Ce disque fait d'abord bonne impression, avec sa jaquette soignée dont le revers est illustré de photos du film. Dans le boîtier, nous trouvons aussi un petit poster reproduisant le visuel de la jaquette, ainsi que trois imitations de Lobby Cards d'époque dédiées à MUTATIONS.
MUTATIONS nous est ici montré dans un télécinéma au format 1.78 (proche du format panoramique employé à l'époque), avec 16/9. L'image affiche parfois une curieuse dominante orange, donnant l'impression que Donald Pleasence a mangé trop de carottes ! La bande-annonce proposée en bonus offre quant à elle des teintes plus naturelles… Par ailleurs, certaines couleurs trop saturées tendent à manger quelques détails. Malgré cela, la qualité d'image reste globalement correcte, la copie s'avérant propre et suffisamment bien définie.
La bande-son est disponible dans deux mixages : ou bien dans un très bon mono d'origine (codé sur deux canaux), ou bien dans un remix stéréo un peu moins naturel. Dans les deux cas, on apprécie la profondeur et la propreté de ces pistes. Aucun sous-titrage n'est disponible.
La section suppléments, de son côté, s'avère des plus fournies. Nous trouvons d'abord un commentaire audio de Jack Cardiff, un peu décevant, il faut bien le dire. Les paroles du vénérable metteur en scène ne sont pas toujours très distinctes et de trop longues plages de blanc émaillent ses interventions. Heureusement, un second commentaire, assuré par Robert Weinbach (scénariste et producteur, comme on l'a vu) et l'acteur Brad Harris, se montre autrement plus intéressant.
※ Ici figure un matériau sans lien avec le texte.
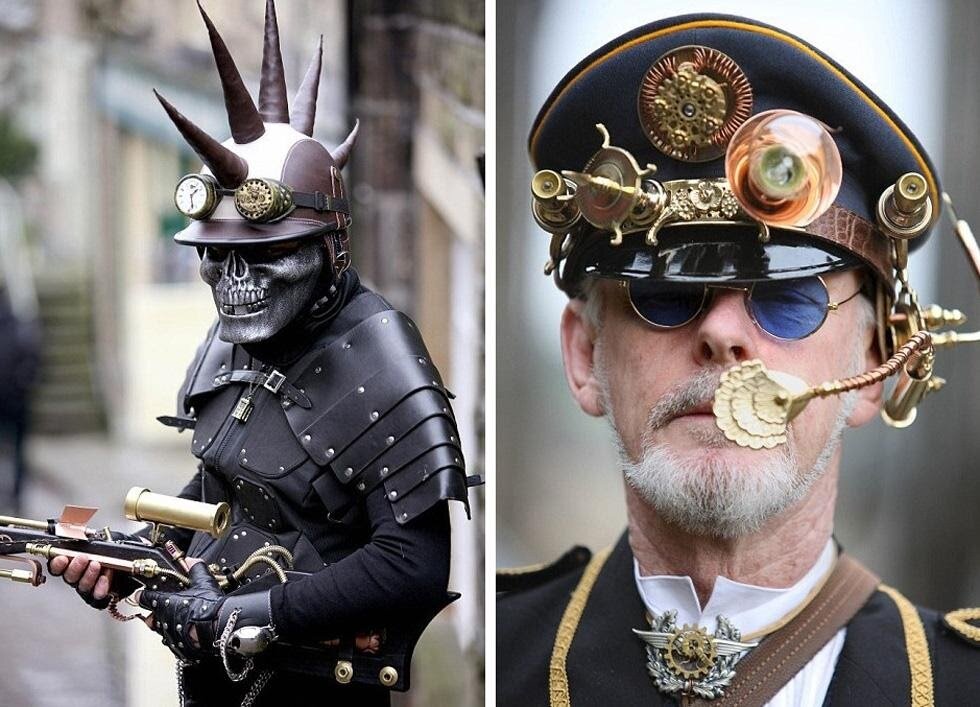 Цепные псы какого-то кровавого режима в суровом мире стимпанка.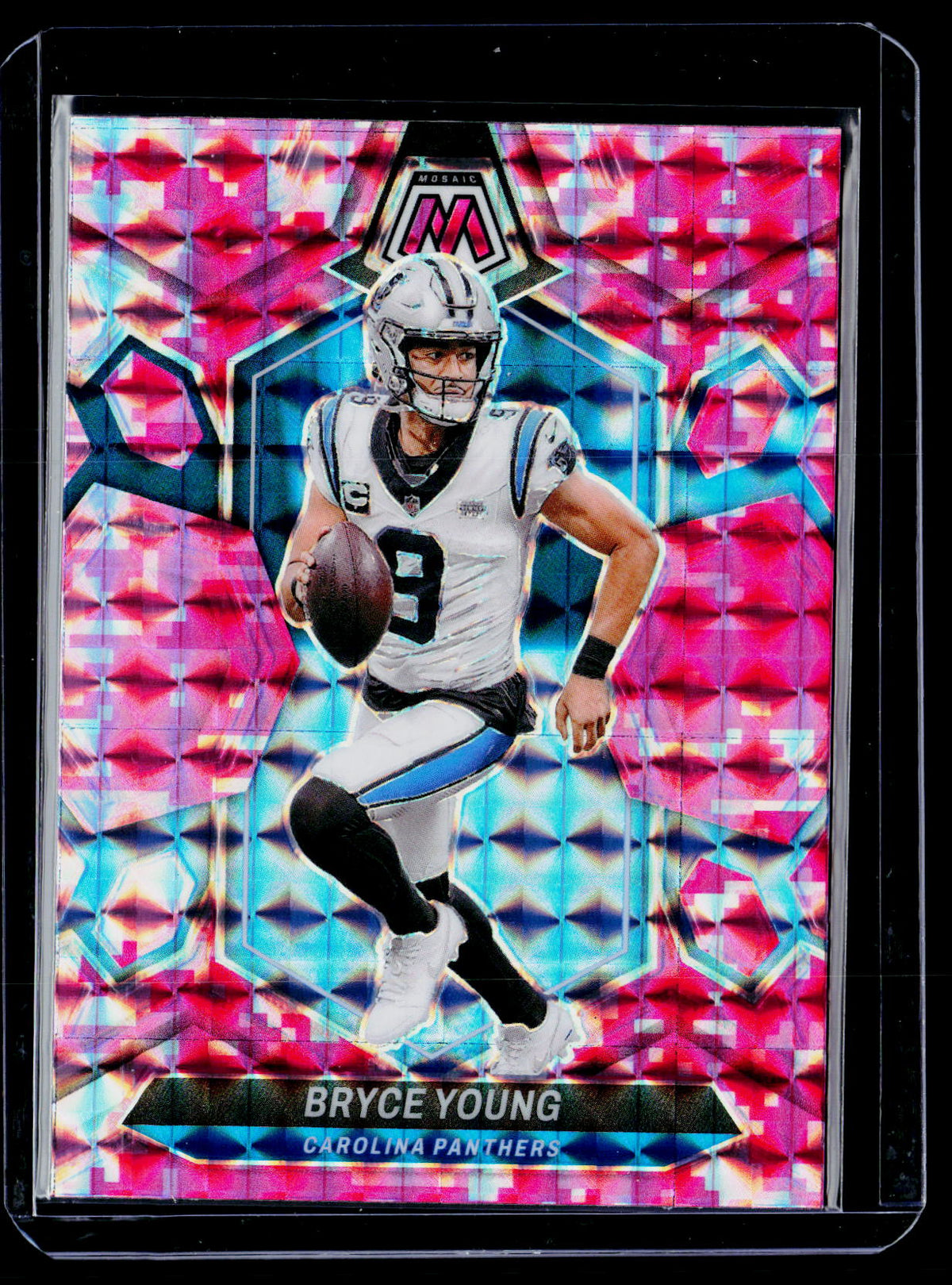 2024 Panini Mosaic Football Bryce Young #29 Carolina Panthers - front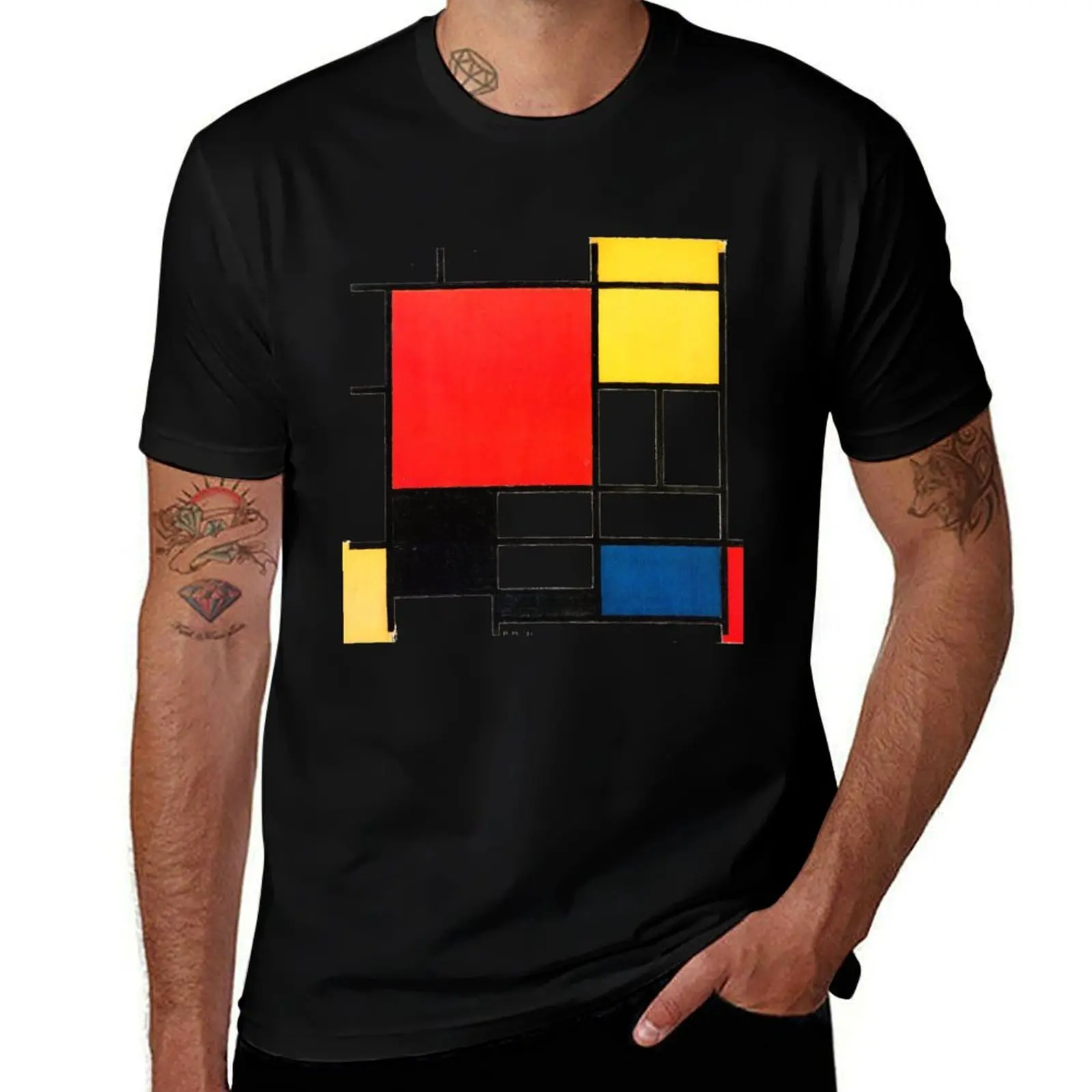 Piet Mondrian T-Shirt Everyday Wear Basic Short Sleeve Top
Piet Mondrian T-Shirt Everyday Wear Basic Short Sleeve Top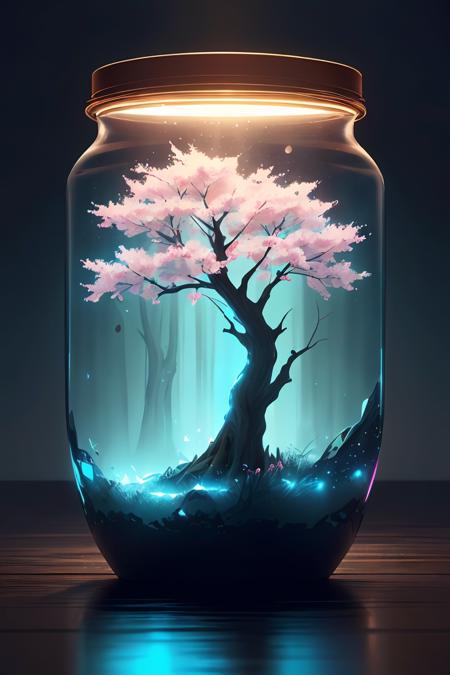 404396-87880685-masterpiece,high quality,best quality,sakura tree in a bottle,fluffy,realistic,atmospheric light refraction,by lee jeffries niko.png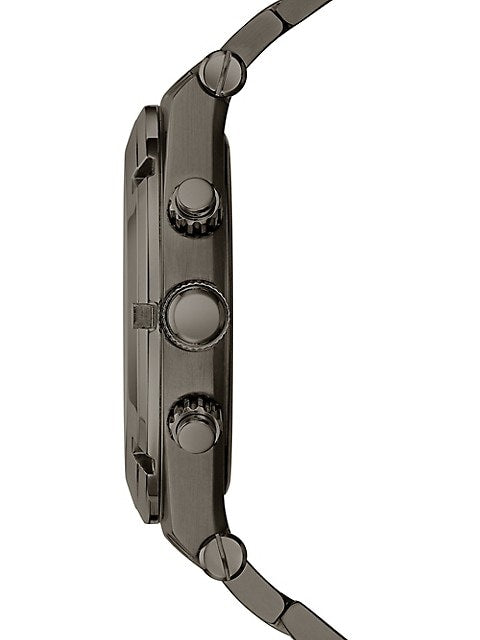 Guess Continental Grey Dial Grey Steel Strap Watch for Men - GW0260G3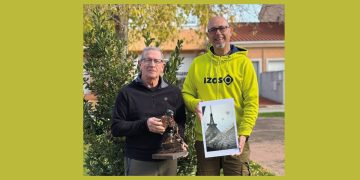 Ángel García y Miguel Manjón donan dos de sus obras para la subasta solidaria de la cena del «Peñarandino del Año 2025»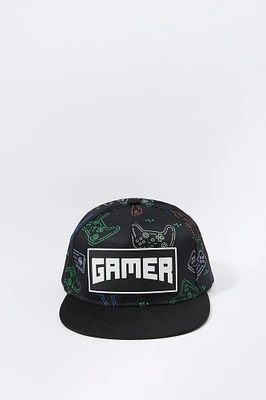 Casquette réglable avec empiècement Gamer et imprimé Controller pour garçon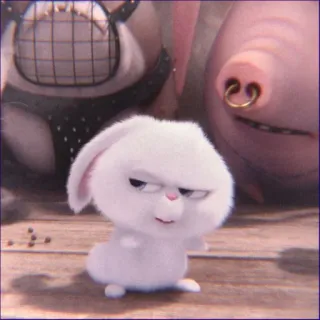 🥴 Snowball The Secret Life of Pets Snowball, bunny, cute, The Secret Life of Pets, cartoon, animal whatsapp sticker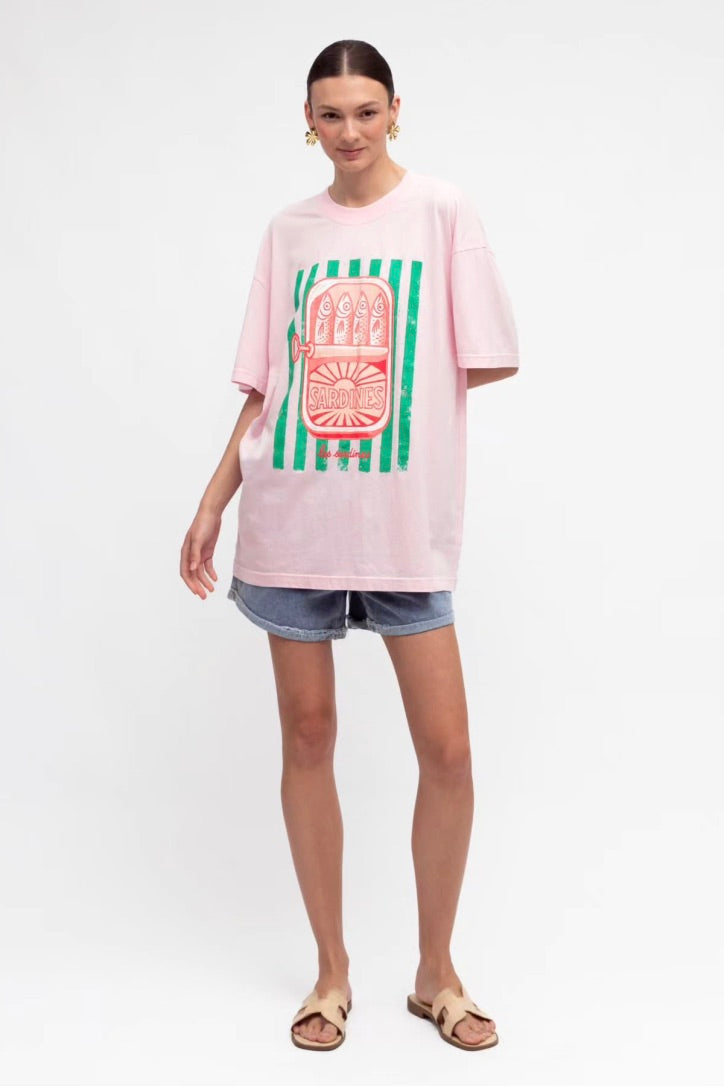 Sardines Tee, PInk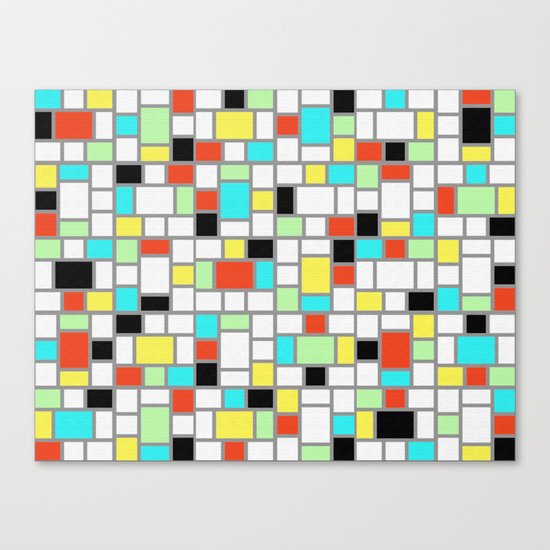 Geosquare Canvas Print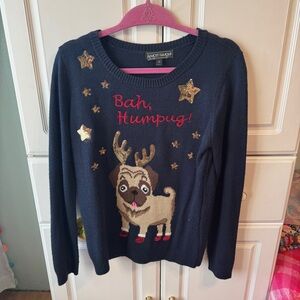 Ugly Christmas Sweater with Pug Design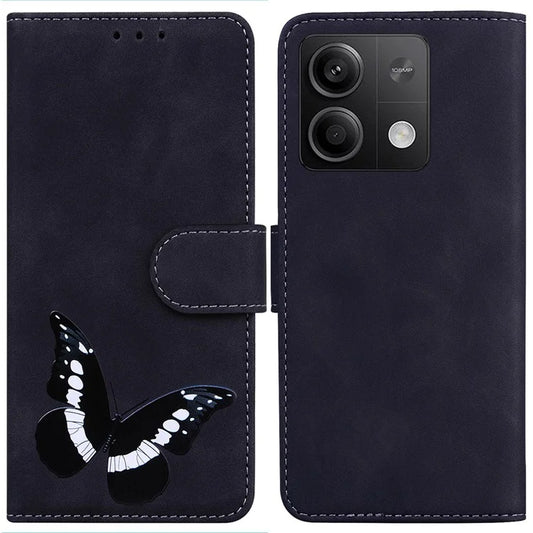For Xiaomi Redmi Note 13 5G / Note 13 5G (China) Leather Case Wallet Cover Butterfly Pattern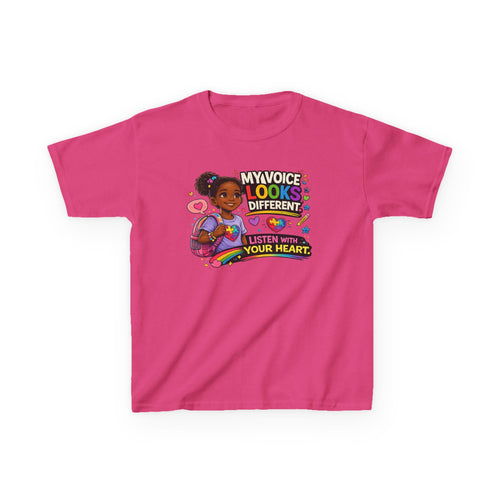 My Voice Looks Different: Listen With Your Heart – Youth Autism Advocacy Tee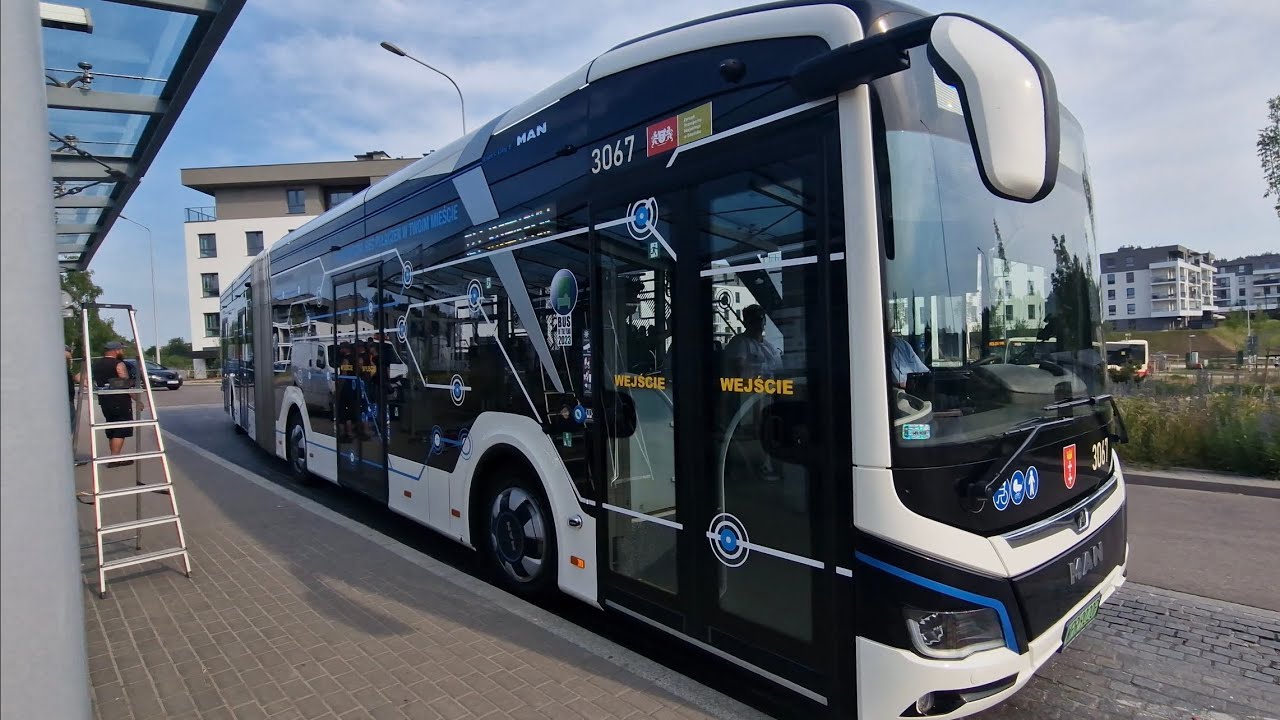 Autobus elektryczny MAN Lion`s City 18 E 🚌 Wkrótce w gdańskich barwach GAIT
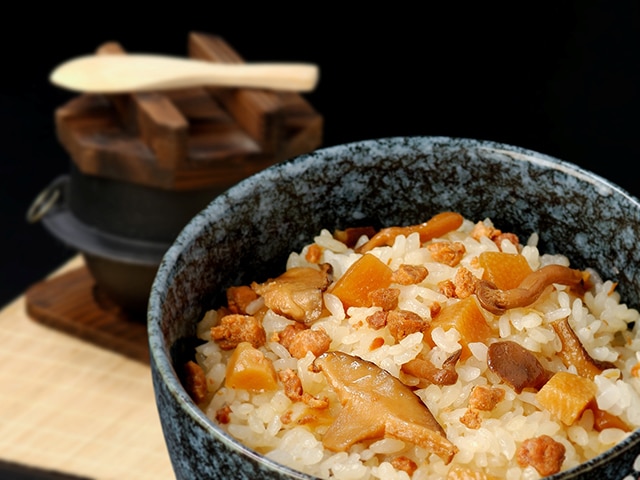 川俣シャモ　炊き込みご飯の素3種セット 　3個入[270g(3合用)2種　270g(2合用)1種]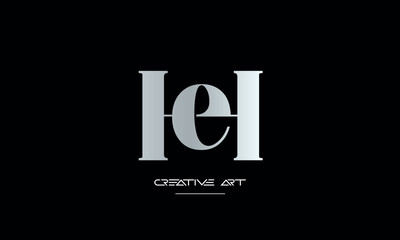 HE, EH, H, E abstract letters logo monogram
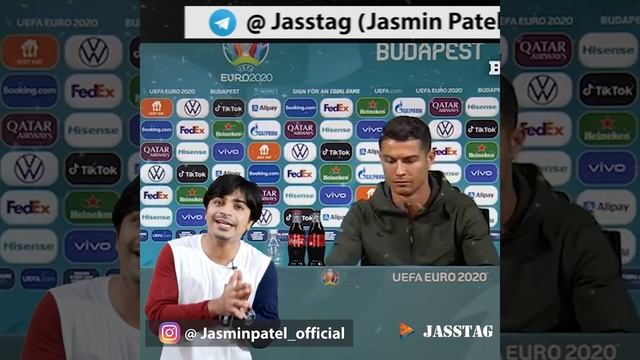 Ronaldo के सिर्फ़ दो शब्द ने 30000 करोड़ का झटका दिया था 😲 #shorts / Jasmin Patel / Jasstag смотреть онлайн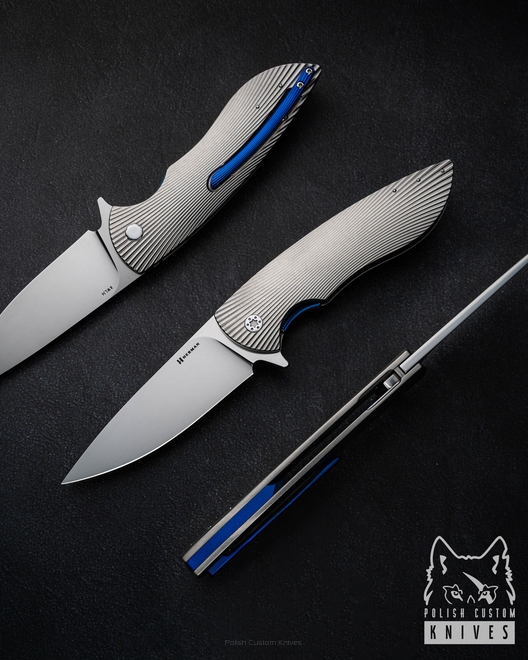 FOLDING KNIFE FOLDER BIG STING #0001 RWL34 HERMAN KNIVES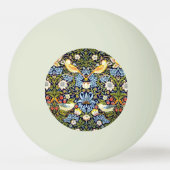 Strawberry Thief, bekend patroon, Pingpongballen (Achterkant)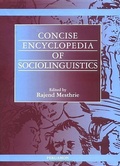 Cover: Concise Encyclopedia of Sociolinguistics - Pergamon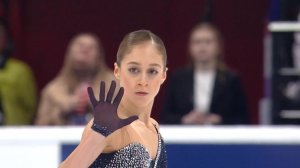 Фигуристка Алина Горбачева выиграла короткую программу пятого этапа Гран-при РФ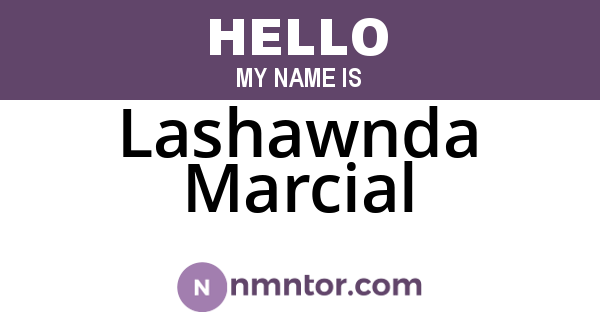 Lashawnda Marcial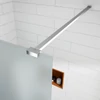 Walk-in || Chrome zuhanyfal, savmart, matt üveggel 50, 200cm, 8mm, NANO
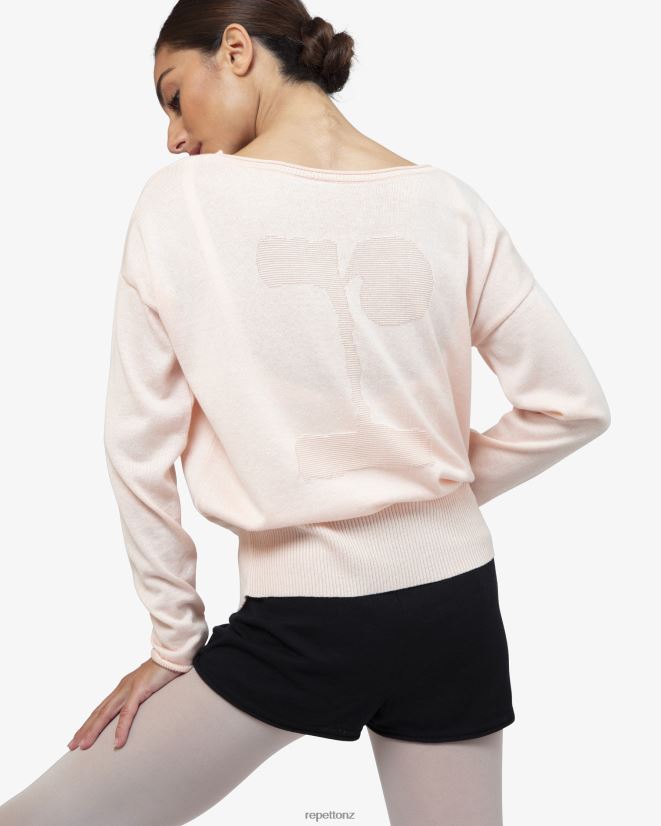 Repetto Women Warm-Up Pull Over Petal Pink Clothing PDFBZN517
Discussions passionnées, souvenirs cinéphiles et professionnels fusent durant toute la durée de cet excellent commentaire audio.
Ces trois intervenants sont à nouveau interviewés dans un excellent "Making Of" de 26 minutes, document bien fait et évitant le plus souvent les redondances par rapport aux commentaires audio. L'interactivité nous propose encore une galerie d'images, composée de photos d'exploitation, d'une affiche d'époque, ainsi que de vraies biographies (et non des filmographies copiées-collées sur internet…) dédiées à Donald Pleasence, Jack Cardiff, Robert Weinbach, Brad Harris et Tom Baker. Enfin, nous avons accès à une sélection de bandes-annonces de films édités par Subversive Cinema, parmi lesquelles celle de ce MUTATIONS.
Une édition complète et globalement de bonne qualité, donc, qui nous permet de redécouvrir ce MUTATIONS devenu fort rare…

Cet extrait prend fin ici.